A person steals if he dishonestly appropriates property belonging to another with the intention of permanently depriving the other of it.

With found goods, to avoid a claim of dishonesty, the finder must be able to demonstrate that they made reasonable efforts to find the true owner. For things like golf balls, reasonable efforts is pretty low - first, the value does not justify more than a perfunctory effort, second, the true owner has no way of proving provenance.
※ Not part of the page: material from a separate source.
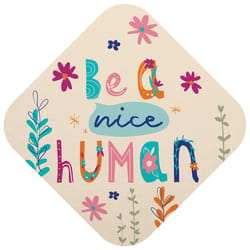 Karma Be a Nice Human Stickers 1 pk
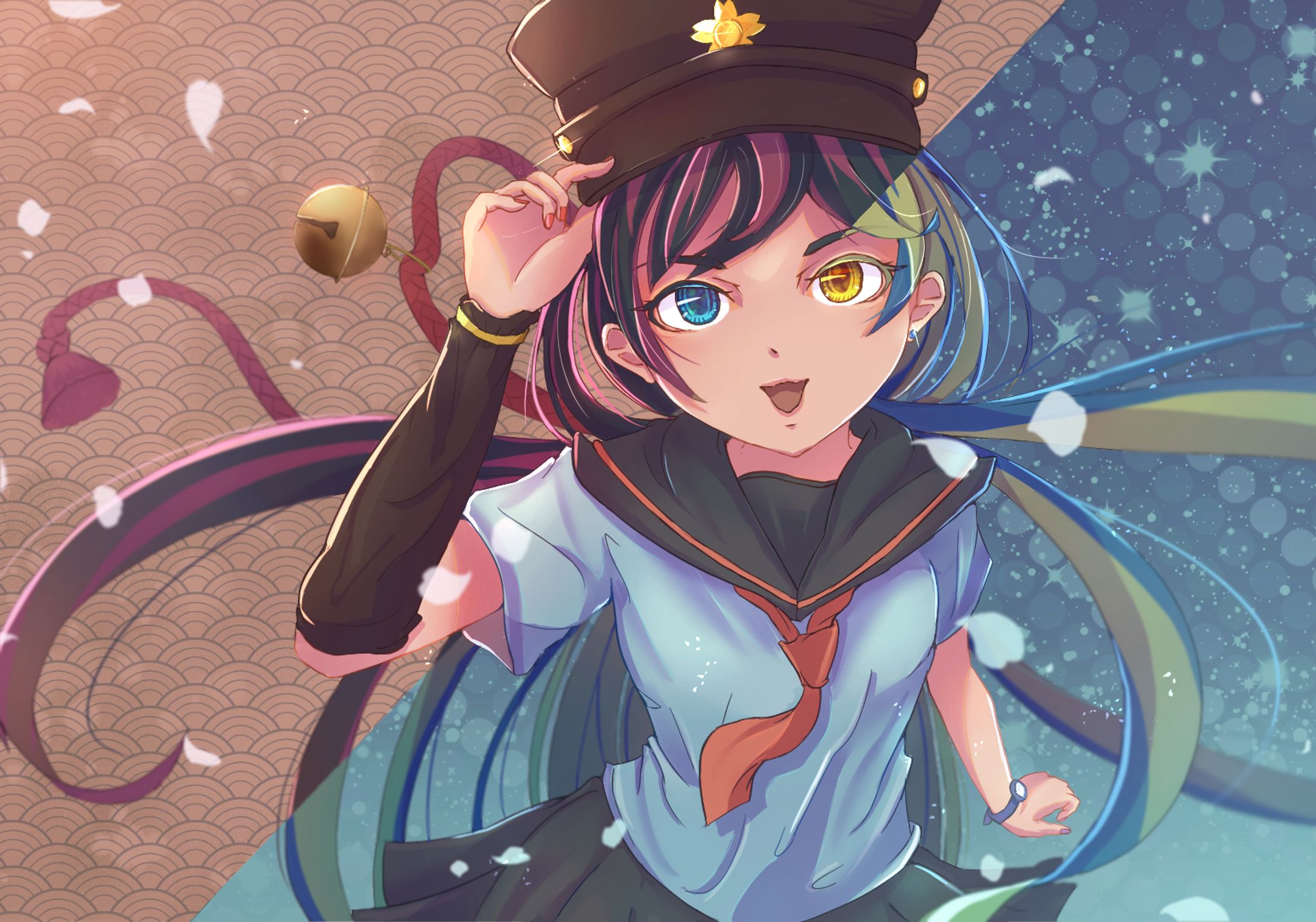 第3回raytrek×Medibang創作イラストコンテスト応募作品-1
On any reasonable interpretation of the facts, the golfer lacks the required dishonesty.

Who owns a thing?

The law recognises three types of property:

  1. Real property - interests in land fixtures and structures upon the land.
  2. Personal property - aka goods and chattels- physical things that aren't land. They can be living or dead, e.g. a calf or a car. Big or small, e.g. a supertanker or a golf ball.
  3. Intangible property - 'choses in action' such as copyright and other IP, shares in a corporation, beneficial rights to trust property, rights in superannuation, and some contractual rights, such as the right to be paid for a debt.

Property is not a thing (tangible or intangible) - the thing is the thing. Property is a right over a thing; in Yanner v Eaton, the High Court of Australia said:

The word ‘property’ is often used to refer to something that belongs to another. But … ‘property’ does not refer to a thing; it is a description of a legal relationship with a thing. It refers to a degree of power that is recognised in law as power permissibly exercised over the thing. The concept of ‘property’ may be elusive. Usually it is treated as a ‘bundle of rights’.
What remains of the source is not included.